東京都庭園美術館にて庭園植物記展

 ようやく天気が良くなったので出かけて来たのだった。建物内での展示の他に、庭園部分でも展示を行っている、というような話を聞いていたもので、天気の良い日に行こうと思っていたのだ。
 実際には庭園部分での展示はなかったのだが。(変化朝顔の実物を育成している、という話を絵画/写真の展示と勘違いしていただろうか)
 ボタニカル・アートの展示会かと思っていたら(牧野富太郎の観察記録とかね)、意外に前衛なものが多かった。荒木経惟の花写真とか、勅使河原蒼風土門拳の生け花写真とか。特に中川幸夫の、ガラスに腐ったカーネーションの花びら詰め込んで取った写真、といった作品群が入り口ホールに大きく展示されていたのだが、これが一瞬取りだしたばかりの動物の臓物かと思うような代物で、非常に禍々しい。が、正直価値は良く分からんのだった。インパクトはあるが、インパクトだけで評価されているのではあるまい――あって欲しくないというか。
 まあ割と普通に綺麗なものもたくさんあって、かなり楽しんだことではあった。三楷のウィンター・ガーデン(サンルームね)では部屋全体を使って蜷川実花の花写真を展示していた。これは色合いが特に鮮やかで面白かったんだけど、難を言えば、透過性のフィルムにプリントして窓と壁一面に展示していたもので、裏からの窓枠の影や、向かい側の作品の表面へ写り込みがあるんですな。結果、プリントされた花の像自体がひどく見辛かったりして。それとも、そういう影やら写り込みやらも含めて鑑賞するべきものなのか。だとしたらそこまでの意図はちょっとわからん、と思うだけだけど。
 それから、珍しいところでは南方熊楠のきのこのスケッチなんてものもあったが、これは資料的価値はともかく美術的には今一。しかし熊楠個人の魅力に惹かれている人々にはたまらない宝物かも。

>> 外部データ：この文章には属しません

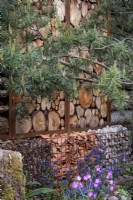 Mur en rondins avec gabions remplis de pots cassés, de pierres et de feuilles rassemblées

 で、一通り展示を見終えてから庭を一回り散策して帰る。花はまだ色々残っていた。でもそろそろ植物も冬支度に入りつつある感じ。


 ↑お庭に咲いていた秋薔薇の写真を撮ってみたのだった。花は小ぶりだが美しく整った形でありましたな。

#後日追記:秋薔薇とカピバラもちょっと似ている。どうでもいいことだけど。